Getting married isn't all fun and games -- there are lots of little details and technicalities you don't realize until you get into the planning. After working out whether you want roses or calla lilies, a DJ or band, the pricey photographer or the elaborate wedding gown, you've finally come to something rather simple in comparison. Getting your marriage license is probably the least exciting part of planning to be wed, however, you should be relieved that it is one of the least complicated things to worry about.
The first thing to do is check with a local marriage license bureau to see what the requirements are. This Web site, Marriage License Laws, has all the state information you'll need to get started.
You and your fiancé must often go together to the marriage license bureau in person. Check ahead of time to see what documents you'll need to bring and if there are residency requirements, what the license fee is, who can sign it, and whether or not you need an AIDS/HIV test. Be sure to bring the following items with you if needed.
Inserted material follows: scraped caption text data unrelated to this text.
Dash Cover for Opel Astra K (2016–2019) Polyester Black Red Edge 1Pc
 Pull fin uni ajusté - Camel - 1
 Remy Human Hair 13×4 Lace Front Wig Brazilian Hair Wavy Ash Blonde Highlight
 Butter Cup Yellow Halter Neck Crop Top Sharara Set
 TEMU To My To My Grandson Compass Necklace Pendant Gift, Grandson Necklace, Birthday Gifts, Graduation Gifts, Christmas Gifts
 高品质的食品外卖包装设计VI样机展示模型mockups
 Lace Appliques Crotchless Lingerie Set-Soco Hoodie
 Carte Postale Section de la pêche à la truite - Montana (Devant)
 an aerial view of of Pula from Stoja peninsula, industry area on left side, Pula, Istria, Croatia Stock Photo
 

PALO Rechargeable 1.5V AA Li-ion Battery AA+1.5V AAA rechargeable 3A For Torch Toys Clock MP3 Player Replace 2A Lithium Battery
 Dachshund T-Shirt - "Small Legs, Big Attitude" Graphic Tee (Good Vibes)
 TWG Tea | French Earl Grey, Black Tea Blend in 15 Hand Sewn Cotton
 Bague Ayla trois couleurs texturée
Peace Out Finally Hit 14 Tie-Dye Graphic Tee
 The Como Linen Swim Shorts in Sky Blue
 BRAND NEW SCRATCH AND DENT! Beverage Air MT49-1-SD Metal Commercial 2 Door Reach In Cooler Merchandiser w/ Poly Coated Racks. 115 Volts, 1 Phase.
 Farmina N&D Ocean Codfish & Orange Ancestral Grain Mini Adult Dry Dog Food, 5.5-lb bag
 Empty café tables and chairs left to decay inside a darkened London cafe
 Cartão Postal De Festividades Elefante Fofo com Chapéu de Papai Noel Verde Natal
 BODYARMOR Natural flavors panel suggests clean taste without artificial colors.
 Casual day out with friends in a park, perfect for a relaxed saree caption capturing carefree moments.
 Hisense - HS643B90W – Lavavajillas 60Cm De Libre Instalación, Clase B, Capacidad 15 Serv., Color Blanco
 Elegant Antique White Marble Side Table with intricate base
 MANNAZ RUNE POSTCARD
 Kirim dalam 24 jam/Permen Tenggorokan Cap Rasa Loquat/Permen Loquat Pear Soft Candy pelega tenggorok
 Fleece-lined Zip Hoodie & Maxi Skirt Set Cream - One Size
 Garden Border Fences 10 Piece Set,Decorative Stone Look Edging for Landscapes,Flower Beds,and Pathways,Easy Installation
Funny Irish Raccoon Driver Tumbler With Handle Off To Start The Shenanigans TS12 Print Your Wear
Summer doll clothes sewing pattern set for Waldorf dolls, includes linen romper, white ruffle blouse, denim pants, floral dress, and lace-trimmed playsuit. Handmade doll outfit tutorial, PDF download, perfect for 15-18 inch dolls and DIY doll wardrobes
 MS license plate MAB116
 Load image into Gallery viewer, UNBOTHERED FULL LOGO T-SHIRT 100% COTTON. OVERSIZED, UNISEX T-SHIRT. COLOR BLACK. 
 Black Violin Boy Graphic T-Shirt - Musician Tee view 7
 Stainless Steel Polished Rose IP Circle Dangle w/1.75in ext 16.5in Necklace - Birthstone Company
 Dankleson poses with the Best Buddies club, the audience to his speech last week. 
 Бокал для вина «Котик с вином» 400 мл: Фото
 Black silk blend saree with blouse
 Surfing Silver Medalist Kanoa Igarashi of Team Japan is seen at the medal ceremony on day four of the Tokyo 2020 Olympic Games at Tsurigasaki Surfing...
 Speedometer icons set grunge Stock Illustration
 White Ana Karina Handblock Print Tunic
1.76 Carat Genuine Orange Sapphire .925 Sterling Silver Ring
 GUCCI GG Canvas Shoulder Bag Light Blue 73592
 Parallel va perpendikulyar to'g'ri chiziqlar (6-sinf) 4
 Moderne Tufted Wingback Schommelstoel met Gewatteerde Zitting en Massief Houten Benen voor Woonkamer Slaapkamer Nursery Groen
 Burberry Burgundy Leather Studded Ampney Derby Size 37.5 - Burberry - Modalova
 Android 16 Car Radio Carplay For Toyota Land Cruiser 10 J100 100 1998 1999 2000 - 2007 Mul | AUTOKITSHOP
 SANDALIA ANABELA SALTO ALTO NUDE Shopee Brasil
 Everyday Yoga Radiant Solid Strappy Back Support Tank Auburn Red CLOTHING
* '''Valid Identification''' -- Driver's license and Social Security card, possibly a passport, or birth certificate.
* '''Other Documents''' -- Divorce decree if you are divorced or a death certificate if you are a widow or have been widowed.
* '''Blood Test''' -- Required in the following states: Connecticut, District of Columbia, Georgia, Massachusetts, Michigan, Mississippi, Montana, Oklahoma, and West Virginia.
* '''Cash''' -- As little as $4 and as much as $90 depending on the state. The average cost in most states is $20-$40.
After you obtain the license you'll need to take the paperwork to the ceremony where the bride and groom, officiant, and the two witnesses will sign it. The officiant then mails the license to the license bureau and upon receipt you'll be sent the official marriage certificate. Sometimes this takes a week, other times it may take several months. It all depends on the state.